### WHAT THIS TASK INVOLVES
Output each record below exactly as it stands, leaving out the pictures.

### DATA RECORDS

---------------

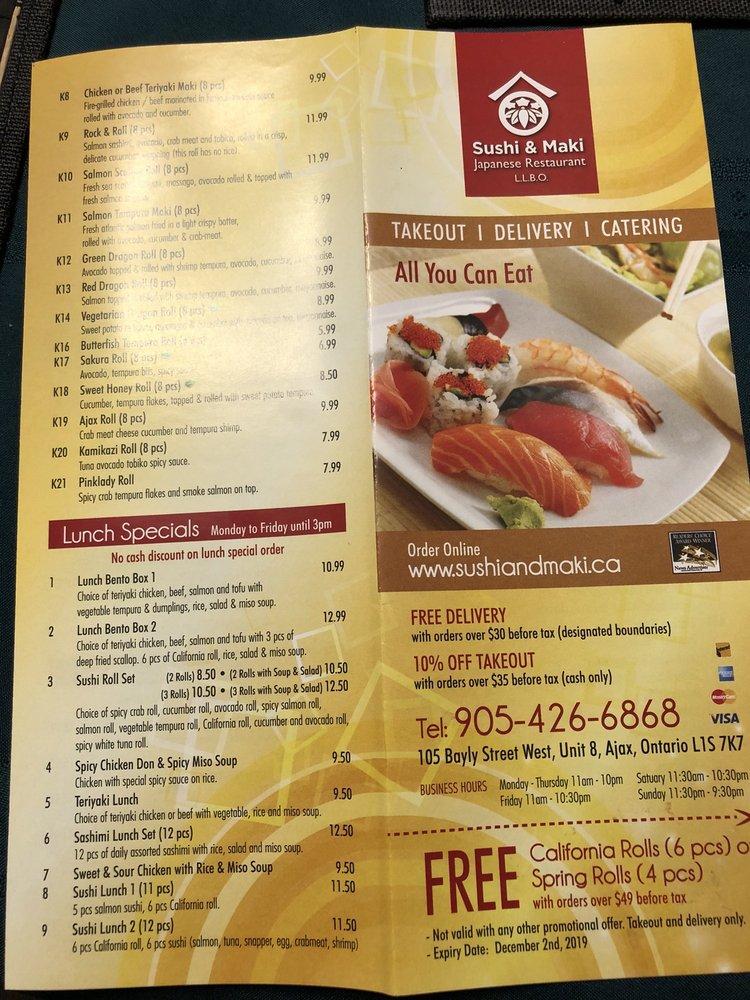 Menu at Sushi & Maki restaurant, Ajax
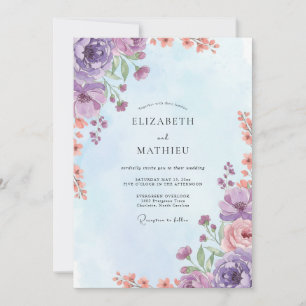 Convite Casamento Pintado Coral Suave Ametista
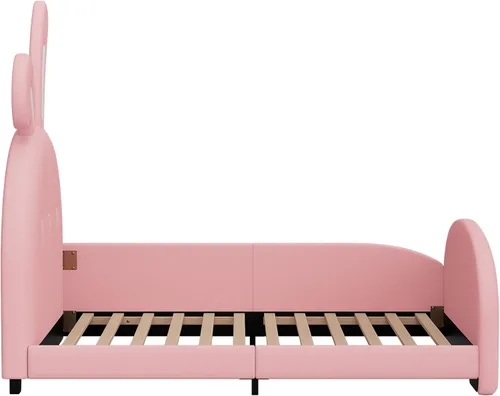 Miniatura 5 de Cama de princesa tapizada en forma de conejo de tamaño individual, moderna y bonita cama de plataforma de piel sintética con cabecero y estribo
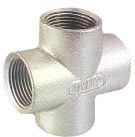 Metal threaded cross pipe fitting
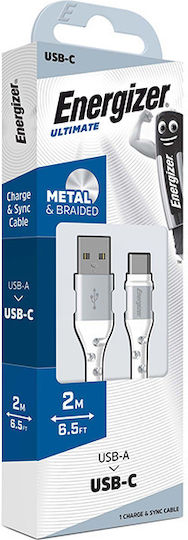 Energizer Braided USB 2.0 Cable USB-C male - USB-A Λευκό 2m C520CKWH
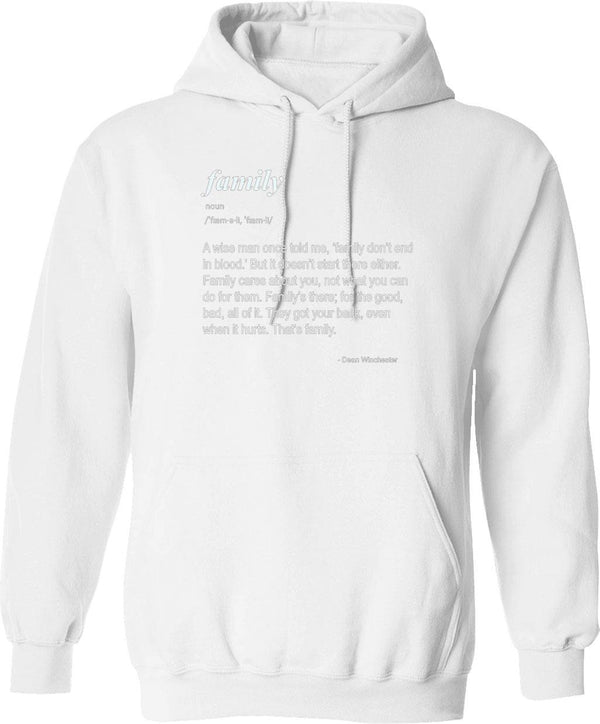 Family Don't End in Blood Graphic Pullover Hoodie - White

---------------

### RESPONSE TO THE EXERCISE
 Menu at Sushi & Maki restaurant, Ajax
 Convite Casamento Pintado Coral Suave Ametista
 Miniatura 5 de Cama de princesa tapizada en forma de conejo de tamaño individual, moderna y bonita cama de plataforma de piel sintética con cabecero y estribo
 Metal threaded cross pipe fitting
 Energizer Braided USB 2.0 Cable USB-C male - USB-A Λευκό 2m C520CKWH
 Family Don't End in Blood Graphic Pullover Hoodie - White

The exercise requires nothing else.